Anglican group to sue London mayor

By Trevor Grundy, ENI
Published April 13, 2012

The mayor of London blocked a conservative group’s transit ads suggesting that people could “get over” being gay. Philip Lange / Shutterstock.com

Anglican Mainstream, a worldwide orthodox Anglican group, has started legal proceedings against the Mayor of London following his ban on a bus poster campaign implying that gay men and lesbians can change and become heterosexual.

“We have instructed our lawyers to take action against Boris Johnson for inducing one of  Britain’s leading advertising companies, CBS Outdoor, to abort our campaign, which was due to start on April 16 and run for two weeks,” Canon Christopher Sugden, executive secretary of Anglican Mainstream, told ENInews on April 13.

Days before posters were due to appear on 25 of London’s red double-decker buses reading “Not gay! Post gay, ex-gay and proud. Get over it,” Johnson ordered his transport chiefs to pull the advertisements.

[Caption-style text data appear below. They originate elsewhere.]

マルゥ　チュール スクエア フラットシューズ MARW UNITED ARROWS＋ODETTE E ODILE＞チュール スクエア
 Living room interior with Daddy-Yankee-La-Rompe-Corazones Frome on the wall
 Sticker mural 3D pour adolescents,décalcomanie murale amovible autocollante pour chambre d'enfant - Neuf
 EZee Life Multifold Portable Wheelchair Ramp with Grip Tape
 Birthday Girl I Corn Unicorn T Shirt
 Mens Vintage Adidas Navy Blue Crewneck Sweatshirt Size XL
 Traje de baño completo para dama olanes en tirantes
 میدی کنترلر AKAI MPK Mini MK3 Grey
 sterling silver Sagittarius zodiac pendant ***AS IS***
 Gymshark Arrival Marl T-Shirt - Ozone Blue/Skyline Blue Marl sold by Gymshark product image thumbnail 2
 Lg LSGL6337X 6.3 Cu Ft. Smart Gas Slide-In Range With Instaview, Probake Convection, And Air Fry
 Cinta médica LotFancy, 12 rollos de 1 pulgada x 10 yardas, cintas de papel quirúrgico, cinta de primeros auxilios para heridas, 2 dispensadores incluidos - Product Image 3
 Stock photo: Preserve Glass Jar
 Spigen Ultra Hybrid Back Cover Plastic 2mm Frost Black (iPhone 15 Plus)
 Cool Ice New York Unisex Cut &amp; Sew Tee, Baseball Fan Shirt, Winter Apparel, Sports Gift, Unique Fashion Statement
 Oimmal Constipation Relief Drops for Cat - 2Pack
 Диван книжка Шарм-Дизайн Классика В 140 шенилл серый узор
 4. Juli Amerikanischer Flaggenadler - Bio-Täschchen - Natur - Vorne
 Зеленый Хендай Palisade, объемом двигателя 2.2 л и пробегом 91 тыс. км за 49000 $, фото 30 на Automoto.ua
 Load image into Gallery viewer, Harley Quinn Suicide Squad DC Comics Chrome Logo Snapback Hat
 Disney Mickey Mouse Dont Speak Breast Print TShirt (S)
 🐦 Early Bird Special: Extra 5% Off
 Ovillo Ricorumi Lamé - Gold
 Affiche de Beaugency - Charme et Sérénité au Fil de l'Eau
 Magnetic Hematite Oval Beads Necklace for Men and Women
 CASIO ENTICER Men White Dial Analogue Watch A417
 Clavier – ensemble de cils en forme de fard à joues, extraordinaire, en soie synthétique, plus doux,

The signs mimicked the wording of ads presently carried on the sides of several hundred London buses organized by the pro-gay group Stonewall. They read: “Some people are gay. Get over it.”

Sugden described the mayor’s intervention and the ban as “outrageous” and “an assault against freedom and democracy.”

Anglican Mainstream and a companion Christian group Core Issues Trust said their campaign, estimated to cost 5,000 pounds, had been cleared with Transport for London, which is chaired by the mayor.

Johnson said in a statement released to The Guardian newspaper that “London is one of the most tolerant cities in the world and intolerant of intolerance. It is clearly offensive to suggest that being gay is an illness that someone recovers from and I am not prepared to have that suggestion drive around London on our buses.”